Pipeclean utilizes streaming parsers, achieving constant memory usage even for multi-GiB input files. Maximum filesize is bounded only by available disk space. It also employs parallelism up to the number of available CPU cores. Sanitizing a 500 MiB MySQL dump takes ~30 seconds with peak memory usage of ~4 GiB on a 2020-era MacBook Pro M1 with eight cores.

Pipeclean attempts to sanitize encapsulated data, too; if a MySQL column contains JSON or YAML, it will parse and traverse the encapsulated document and write sanitized JSON/YAML as the output column value.

Pipeclean can employ Markovian language models to generate plausible-looking replacement data; you can train it with actual peoples' names from your database, for example, and at runtime, use the trained model to generate replacement names that have a similar look and feel. Markovian models can also be used for heuristic scrubbing, allowing pipeclean to recognize data fields that contain a first name (etc) regardless of how the field is named or where in the input it appears, and replace each occurrence with a fake name.

Finally, pipeclean includes a verify command to report on the efficancy and safety of your scrubbing configuration.

Install

If you have the Go SDK installed, you can go install github.com/xeger/pipeclean@main. Otherwise, visit the release page to download binaries.

Usage Overview

This is a summary; for more detailed information, see the reference guide.

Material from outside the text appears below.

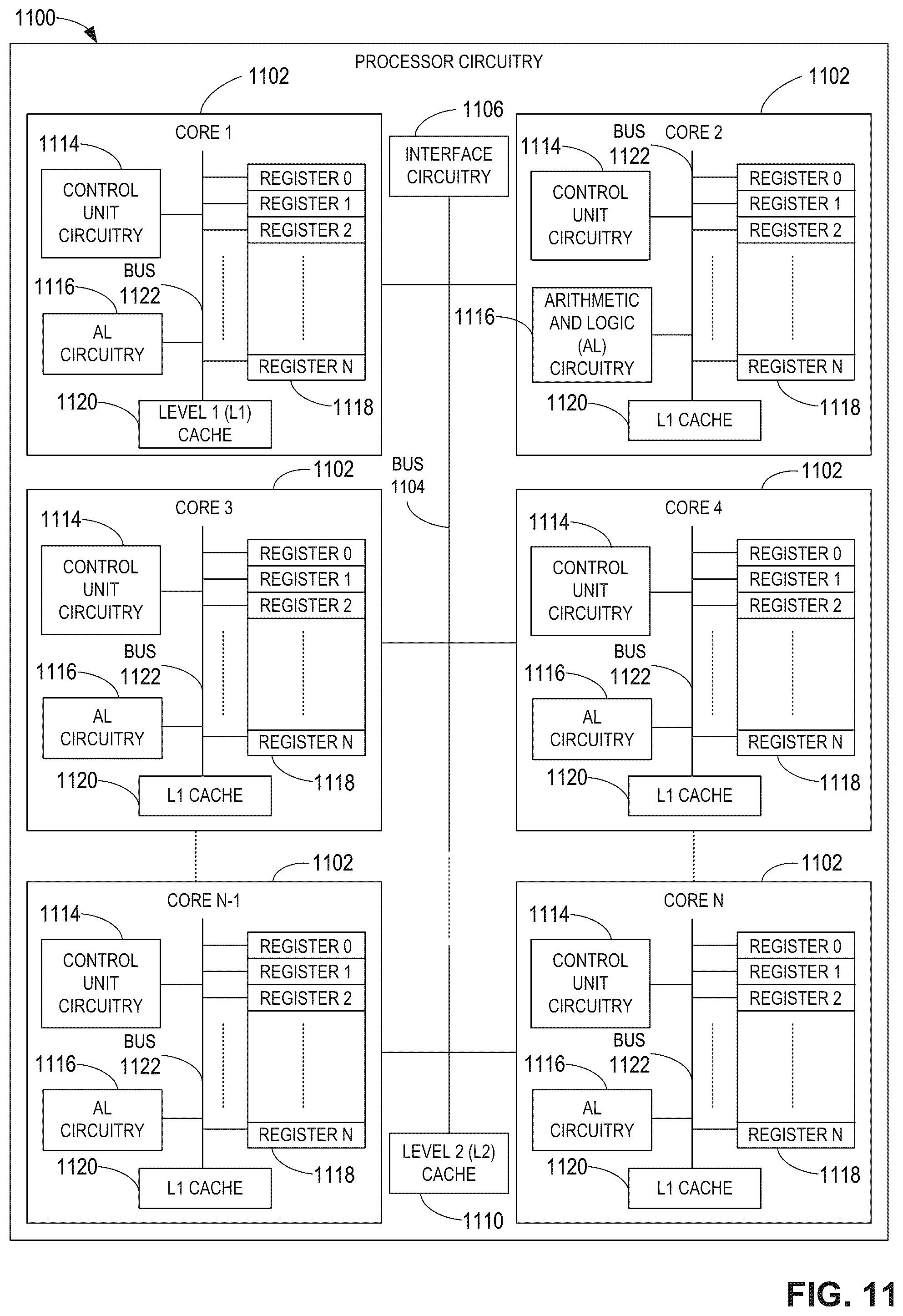 Patent US12422331 Figure 11 – Methods and apparatus to autonomously detect thermal anomalies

Pipeclean is invoked with a subcommand that tells it what to do:

# train models based on input data
cat data.sql | pipeclean learn path/to/models

# sanitize sensitive data; print clean stream to stdout
cat data.sql | pipeclean scrub path/to/models

Configuration

Pipeclean works best when you specify a configuration file to influence its behavior. If none is provided, the default configuration masks emails, phone numbers and zip codes by scrambling individual characters.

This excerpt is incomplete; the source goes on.